Latency Issues in Web and Mobile Applications

Severity: Major
Category: Misconfiguration
Service: PagerDuty

This summary is created by Generative AI and may differ from the actual content.

Overview

Between 21:01 UTC and 23:25 UTC on March 24, 2026, PagerDuty customers in the US service region experienced delays and intermittent timeouts across the REST API, Web, and Mobile platforms. The issue was caused by authentication services reaching resource limits, resulting in increased latency for login and session validation requests.

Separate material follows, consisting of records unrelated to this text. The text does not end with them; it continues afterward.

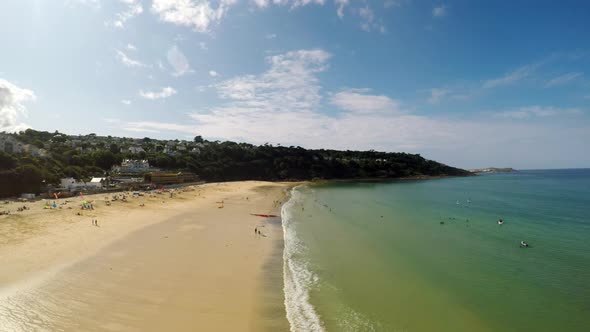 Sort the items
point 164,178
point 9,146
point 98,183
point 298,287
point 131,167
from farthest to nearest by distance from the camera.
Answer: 1. point 131,167
2. point 164,178
3. point 9,146
4. point 98,183
5. point 298,287

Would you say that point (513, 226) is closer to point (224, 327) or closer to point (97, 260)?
point (224, 327)

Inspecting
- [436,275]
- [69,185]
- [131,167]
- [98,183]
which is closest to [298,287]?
[436,275]

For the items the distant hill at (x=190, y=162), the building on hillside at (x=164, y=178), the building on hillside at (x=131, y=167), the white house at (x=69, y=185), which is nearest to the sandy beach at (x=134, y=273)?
the white house at (x=69, y=185)

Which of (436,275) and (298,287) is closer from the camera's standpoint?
(298,287)

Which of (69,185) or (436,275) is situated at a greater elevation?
(69,185)

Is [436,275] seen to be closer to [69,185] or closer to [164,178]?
[69,185]

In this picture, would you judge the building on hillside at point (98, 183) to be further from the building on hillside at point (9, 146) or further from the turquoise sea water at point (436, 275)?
the turquoise sea water at point (436, 275)

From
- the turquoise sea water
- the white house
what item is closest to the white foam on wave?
the turquoise sea water

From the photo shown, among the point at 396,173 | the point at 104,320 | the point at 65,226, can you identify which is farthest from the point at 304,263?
the point at 396,173

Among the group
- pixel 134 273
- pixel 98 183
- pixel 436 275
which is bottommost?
pixel 436 275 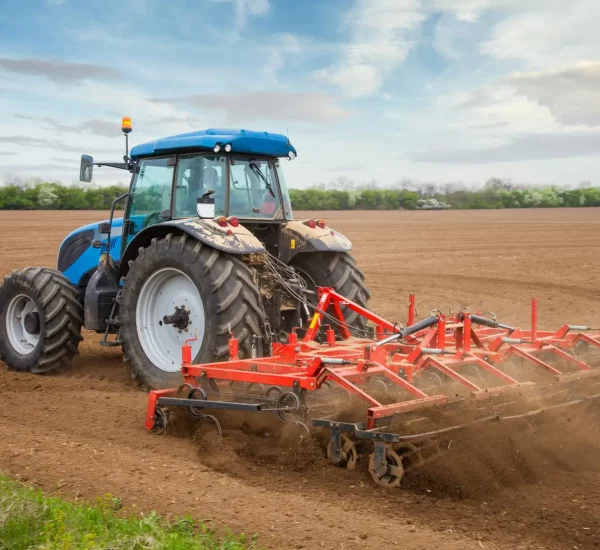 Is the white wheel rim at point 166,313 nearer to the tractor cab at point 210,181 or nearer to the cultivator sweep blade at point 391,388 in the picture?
the tractor cab at point 210,181

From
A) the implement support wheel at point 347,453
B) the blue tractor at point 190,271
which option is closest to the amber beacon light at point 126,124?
the blue tractor at point 190,271

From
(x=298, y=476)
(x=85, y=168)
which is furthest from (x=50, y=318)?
(x=298, y=476)

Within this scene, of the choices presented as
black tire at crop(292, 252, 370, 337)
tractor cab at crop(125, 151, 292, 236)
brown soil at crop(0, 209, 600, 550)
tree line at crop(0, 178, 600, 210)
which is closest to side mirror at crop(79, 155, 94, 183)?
tractor cab at crop(125, 151, 292, 236)

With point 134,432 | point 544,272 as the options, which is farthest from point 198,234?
point 544,272

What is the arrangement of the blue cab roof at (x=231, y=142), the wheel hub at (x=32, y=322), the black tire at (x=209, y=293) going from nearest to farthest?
the black tire at (x=209, y=293), the blue cab roof at (x=231, y=142), the wheel hub at (x=32, y=322)

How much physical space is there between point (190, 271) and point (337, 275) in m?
1.64

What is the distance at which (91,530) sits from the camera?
3891 millimetres

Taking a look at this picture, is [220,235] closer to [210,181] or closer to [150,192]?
[210,181]

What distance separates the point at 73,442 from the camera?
18.5 feet

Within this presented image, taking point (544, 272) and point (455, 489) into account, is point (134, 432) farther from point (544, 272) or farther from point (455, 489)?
point (544, 272)

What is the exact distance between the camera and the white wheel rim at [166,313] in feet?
22.9

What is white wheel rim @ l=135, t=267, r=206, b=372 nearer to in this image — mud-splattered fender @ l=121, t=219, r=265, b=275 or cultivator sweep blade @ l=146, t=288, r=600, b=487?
mud-splattered fender @ l=121, t=219, r=265, b=275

The PagerDuty EU region and core notification/event ingestion pipelines remained fully operational.

Impact

PagerDuty customers in the US service region experienced increased latency and intermittent timeouts when using the Web and Mobile applications and the REST API. Specifically, login and session validation requests were delayed due to authentication services reaching resource limits.

Trigger

The cumulative volume of traffic associated with a gradual migration of session timeout handling reached a threshold on March 24 that exceeded the default memory configurations of a downstream service responsible for managing the new session timeout capabilities.

Detection

Internal monitoring detected increased response times for login and session validation requests starting at 21:01 UTC. By 22:20 UTC, the latency levels reached a threshold that triggered a Major Incident response.

Resolution

After an initial precautionary rollback of authentication pipeline changes failed to resolve the issue, responders identified high memory consumption in a downstream service. They increased the number of computing instances for the service and cycled out unhealthy instances, resulting in a full recovery by 23:25 UTC.

Root Cause

A change to session timeout handling, which was migrated gradually over several weeks, caused the cumulative traffic volume to eventually exceed the default memory configurations of a downstream service. This led to memory exhaustion, sustained high CPU usage, and a high rate of service restarts.